Turkish jets carried out their first attacks on Islamic State targets in neighboring Syria overnight, Prime Minister Ahmet Davutoğlu’s office announced early on Friday. Two command centers and a rallying point were said to be hit.
The attacks came hours after Turkey allowed the United States to use its Incirlik Air Base to stage attacks against the radical Islamist group that has proclaimed a caliphate in the Levant.
Turkey previously shied away from fighting the Islamic State — and denied its NATO ally use of the Incirlik base — because the group also does battle with the Syrian regime of President Bashar al-Assad that Turkey opposes.
Western countries had nevertheless long urged Turkey, which has the largest army in the region, to join the campaign. Led by the United States, an alliance of Arab and Western states regularly carries out airstrikes against the Islamist group which controls areas in eastern Syria as well as western Iraq.
Turkey also hesitated because action against the Islamists could benefit their main rivals in the north of Syria: Kurdish fighters who are affiliated with the militant Kurdistan Workers’ Party, or PKK.

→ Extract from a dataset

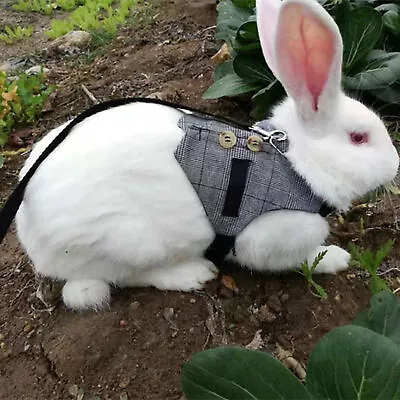 Rabbit Harness Comfortable Breathable Walking Safety Leashes 3 Colors • $8.05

Despite reconciliation efforts in recent years, Turkey’s Kurdish insurgency has flared up again.
On Friday, police launched operations against Islamic State sympathizers as well as Kurdish separatists and other “marginal leftist groups.” Davutoğlu told reporters that nearly three hundreds suspects had been detained, including 37 foreigners, and that weapons and explosives were seized.

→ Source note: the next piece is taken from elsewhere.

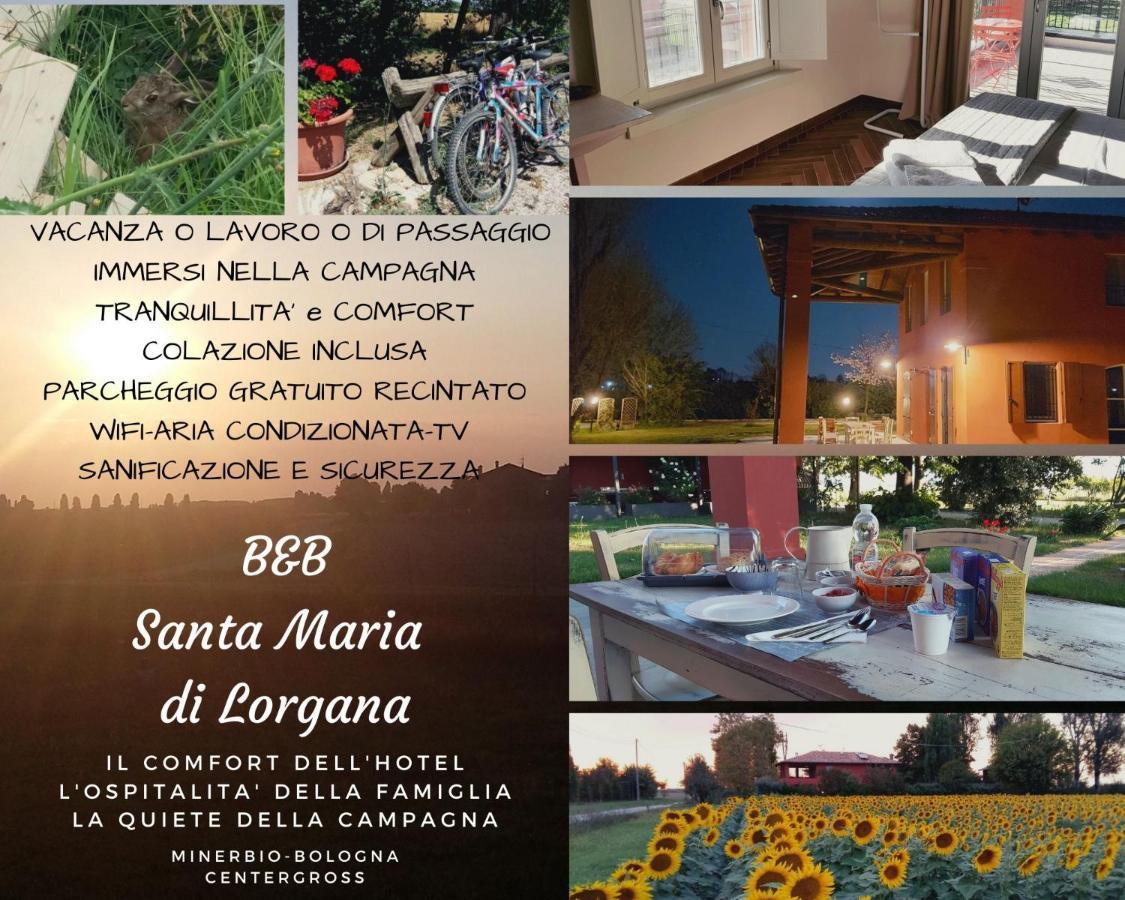 Santa Maria Di Lorgana Acomodação com café da manhã Minerbio Exterior foto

The PKK has killed four policemen and wounded several more in recent days in what it called retaliation for a bomb attack on Monday when an Islamic State supporter killed 32 activists and aid workers in Suruç, a mainly Kurdish town close to the Syrian border.
On Thursday, Turkish troops stationed on the border came under rocket and machine gun fire from Islamic State positions. One soldier was killed.
Islamic State forces control the territory north of Aleppo — Syria’s most populous city before the revolt against Assad started in 2011 — dividing the Kurdish-controlled areas in two. The Kurds want to push the Islamists south so they can link up their various territories which border on Turkey.
The Turks see the ambitions of Syria’s Kurds as a threat, fearing they might inspire the country’s own sizable Kurdish minority to push for independence.
President Recep Tayyip Erdoğan said last month Turkey would “never allow” an independent Kurdistan to be declared on its frontier. “We will continue our fight in that respect whatever the cost may be,” he vowed.
But military action against the Kurds in Syria carries significant risks.
It would dismay Iraq’s Kurdistan Regional Government which enjoys a high degree of autonomy from Baghdad and trades oil with the Turks. And it would unnerve Turkey’s NATO allies who see the Kurds as a bulwark against the fanatical Islamic State.